## Exercise data
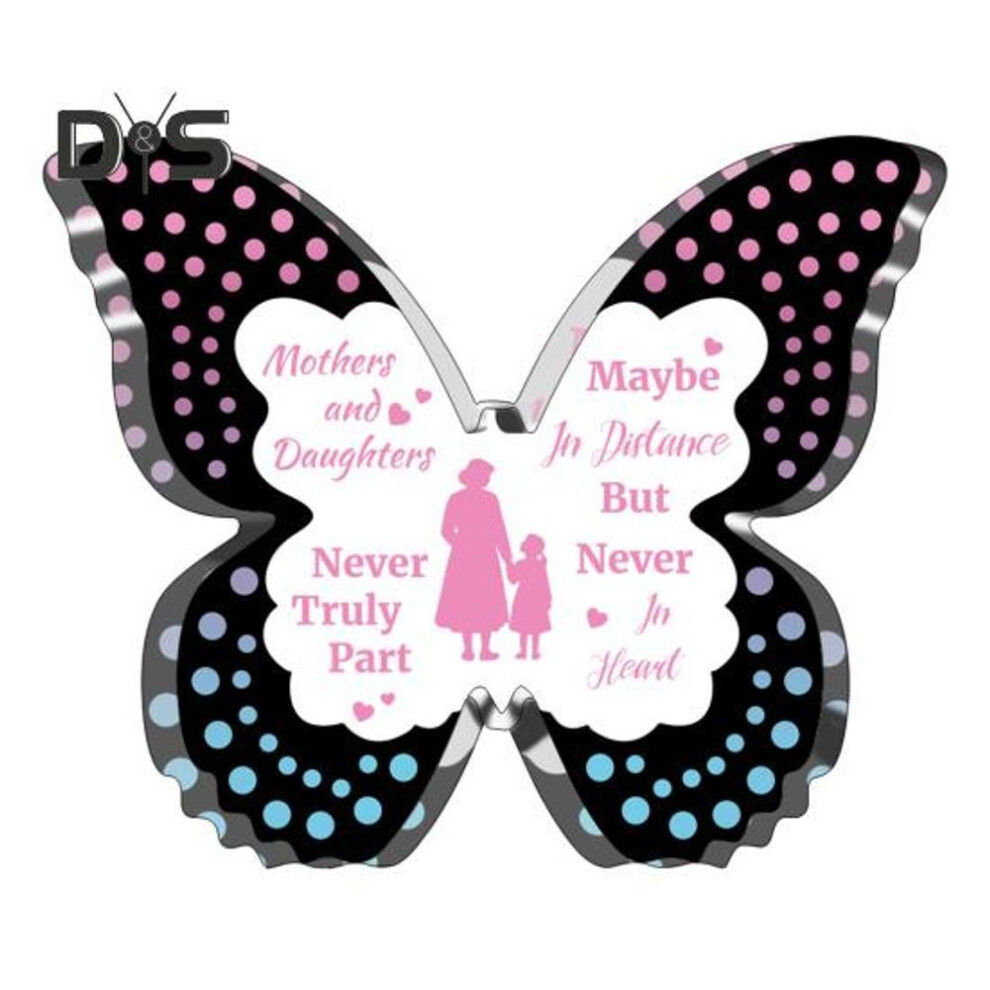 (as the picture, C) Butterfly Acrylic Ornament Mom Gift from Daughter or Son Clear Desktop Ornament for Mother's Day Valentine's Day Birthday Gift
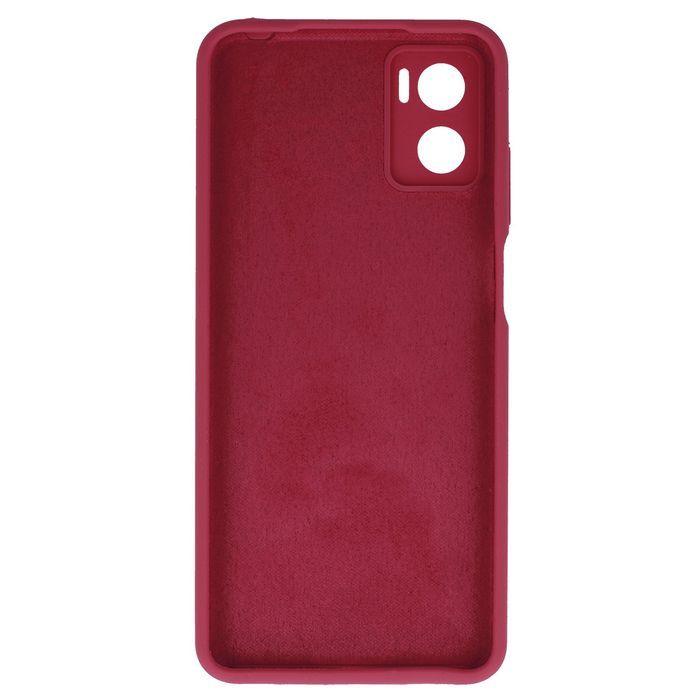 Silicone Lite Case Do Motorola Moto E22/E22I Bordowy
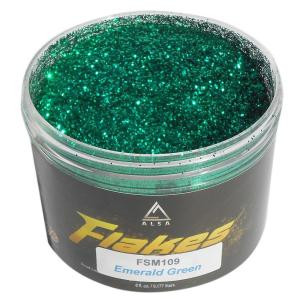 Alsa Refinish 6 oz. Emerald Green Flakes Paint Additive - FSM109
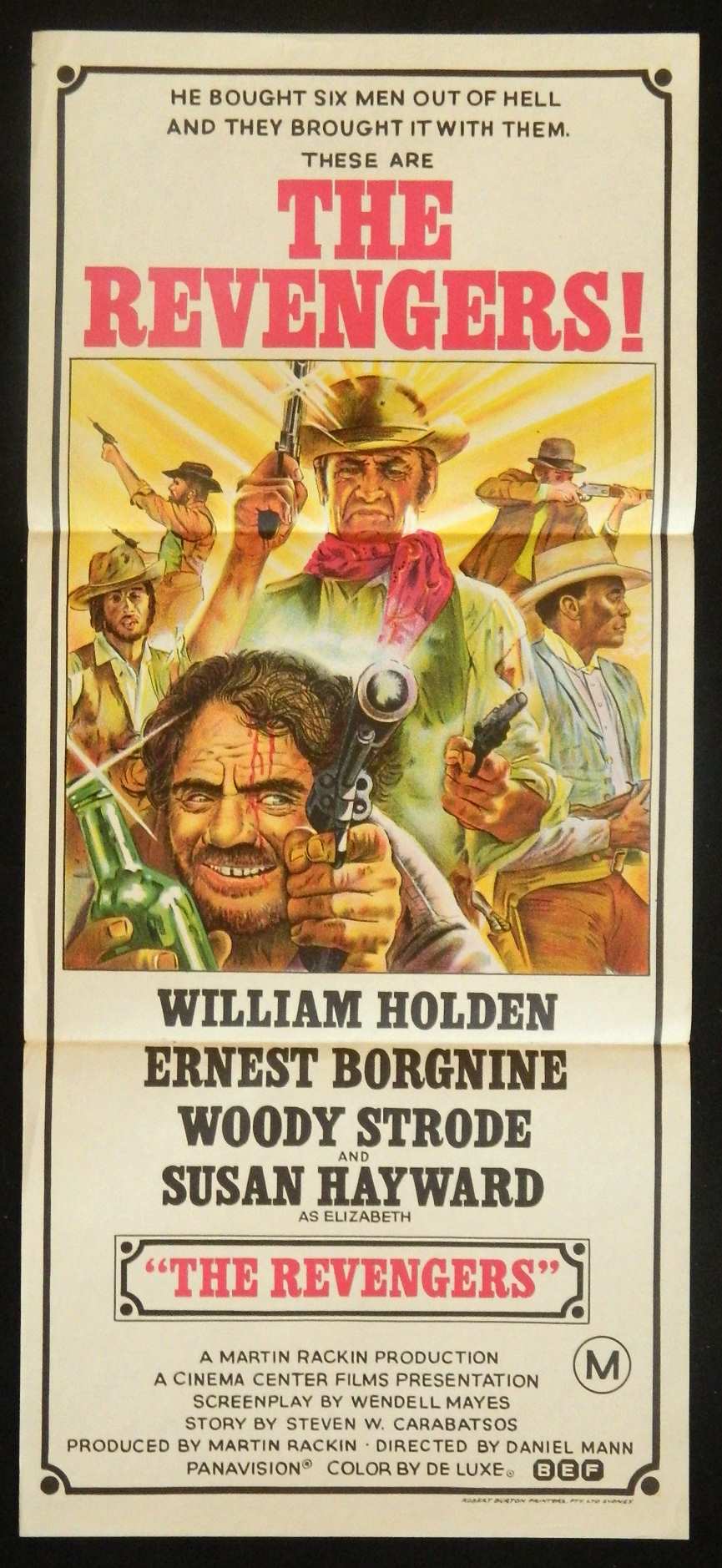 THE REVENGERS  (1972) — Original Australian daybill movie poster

## Action item
The copy must start at the line containing "Silicone Lite Case" and stop at the last line of the listing, both included, with every line exact and no pictures.

## Answer
 Silicone Lite Case Do Motorola Moto E22/E22I Bordowy
 Alsa Refinish 6 oz. Emerald Green Flakes Paint Additive - FSM109
 THE REVENGERS  (1972) — Original Australian daybill movie poster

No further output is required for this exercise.